How should you come back from an injury..?

September 18th 2015


We all do it, we train, we workout to try and achieve our goals be it aesthetics or performance. For some of you the gym is the time to push yourselves hard, so you can work out at a good intensity, play sports or have better quality of life.

However, there is no doubt due to the hard nature that some of you smash the gym, that you may be more susceptible to injury, either through trauma or your endeavour to conduct harder training to make sure that your workout will maximise your performance for your goal.

The worst thing that can happen, is if you or your coach pushes you too hard and you end up injured and unable to keep the training going at the same intensity.

So what happens if an injury does occur?
When you get injured this can leave you feeling a little bit frustrated and is the time when we bury our heads in the sand and we definitely don’t feel like going to the gym.

“In exercise rehabilitation this is considered the wrong way to approach your injury.”

You may not feel like it, but this is the time when you should be thinking of a way to slowdown in your programme and as an opportunity to look at resetting some of your training by taking yourself back to basics with some patterning and solid movement drills.

This can be done by utilising exercises to link up the chain (from the floor up) and ensuring the correct firing sequence through the muscles can benefit your future work outs and goals.

Before your start your rehab journey, you will need to map out who you need to be involved in order for you to get back to full fitness as soon as possible, and also to make sure that the team around you are working of the same hymn sheet for the best results.
·         Doctor
·         Physiotherapist
·         Strength and conditioning Coach/Rehabilitation Coach
·         Nutritionist

Once you have the team in place you will also need to make sure you are mentally committed and that you believe in the work/process to get you back to full fitness.
(Top Tip: In other words, don’t run before you can walk, take your time and listen to the advice of the team that is supporting you.)

The first thing is for your coach to take some objective measurements to ensure that the programme is fit for purpose and measurable. Using elements of the functional movement system (FMS) is a good way to start.

The programme is then to be aligned so that your coach can tell you what you can do, not what you can’t. This will include smaller goals within the bigger plan so that you can work and achieve these smaller goals along the rehab journey, which in turn will lead to getting back to full fitness (small steps).

Within your time with the coach and during the programme, it is the role of the coach to look at the body as a whole, as this will ensure that the injury is not caused from another underlying issue.
During your sessions with the coach, they should be looking at:

·         Efficiency in your movement
·         Aerobic/Anaerobic power
·         Upper/Lower body strength 
·         Emotional wellbeing

This is then to be checked periodically throughout your attendance and when he/she takes you through the assessment process again, after you have been conducting your rehab programme for a number of weeks.

The question we often get asked is when you should go back to full workouts..?

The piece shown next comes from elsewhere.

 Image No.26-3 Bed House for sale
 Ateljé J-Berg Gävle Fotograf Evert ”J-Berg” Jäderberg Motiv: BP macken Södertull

With that in mind, It is important that the rehabilitation programme is periodised in a fashion, so that it migrates seamlessly into your full workout programme. The coach is then to ensure you are still assessed continuously through this process, making your programme a live document, so that the coach can make the micro changes needed at any time to ensure your progression is methodical and in line with your needs.

Other things to consider…
There are a few more things to consider if your sport involves a lot of impact through running and jumping.  If so, the programme will need to develop into a return to run/impact programme that should involve exercises that indicate to the coach how the supporting musculature through the kinematic chain (from the floor up) ankles, knees, hips and spine are working to make sure the injury doesn’t rear its ugly head again!

(Top Tip: Failure to do this may result in another breakdown and you will end up back at square one.)